### Problem description
Repeat exactly the lines below that lie between the line with "Kristallon Plastic Oval" and the line with "3-Piece Patio Chaise", counting both of those lines as part of the answer.

### Stored data
**********

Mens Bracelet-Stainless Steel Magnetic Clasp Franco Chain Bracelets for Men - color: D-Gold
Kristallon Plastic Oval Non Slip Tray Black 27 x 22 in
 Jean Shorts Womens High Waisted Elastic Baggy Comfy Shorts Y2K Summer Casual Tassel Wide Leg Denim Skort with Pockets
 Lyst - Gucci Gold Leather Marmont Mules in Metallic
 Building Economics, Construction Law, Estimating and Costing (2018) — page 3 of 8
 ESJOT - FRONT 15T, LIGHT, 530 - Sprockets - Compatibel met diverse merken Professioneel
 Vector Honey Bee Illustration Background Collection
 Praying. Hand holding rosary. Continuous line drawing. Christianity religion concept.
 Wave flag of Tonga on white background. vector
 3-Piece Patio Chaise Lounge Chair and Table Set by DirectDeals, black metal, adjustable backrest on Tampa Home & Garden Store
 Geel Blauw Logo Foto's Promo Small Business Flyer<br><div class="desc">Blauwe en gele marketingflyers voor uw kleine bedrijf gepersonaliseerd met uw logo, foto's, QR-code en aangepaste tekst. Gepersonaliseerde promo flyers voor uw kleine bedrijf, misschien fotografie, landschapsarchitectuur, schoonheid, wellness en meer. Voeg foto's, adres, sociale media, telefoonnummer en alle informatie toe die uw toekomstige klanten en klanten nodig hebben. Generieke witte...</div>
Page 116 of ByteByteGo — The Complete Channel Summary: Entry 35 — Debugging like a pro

**********

### Output below
Kristallon Plastic Oval Non Slip Tray Black 27 x 22 in
 Jean Shorts Womens High Waisted Elastic Baggy Comfy Shorts Y2K Summer Casual Tassel Wide Leg Denim Skort with Pockets
 Lyst - Gucci Gold Leather Marmont Mules in Metallic
 Building Economics, Construction Law, Estimating and Costing (2018) — page 3 of 8
 ESJOT - FRONT 15T, LIGHT, 530 - Sprockets - Compatibel met diverse merken Professioneel
 Vector Honey Bee Illustration Background Collection
 Praying. Hand holding rosary. Continuous line drawing. Christianity religion concept.
 Wave flag of Tonga on white background. vector
 3-Piece Patio Chaise Lounge Chair and Table Set by DirectDeals, black metal, adjustable backrest on Tampa Home & Garden Store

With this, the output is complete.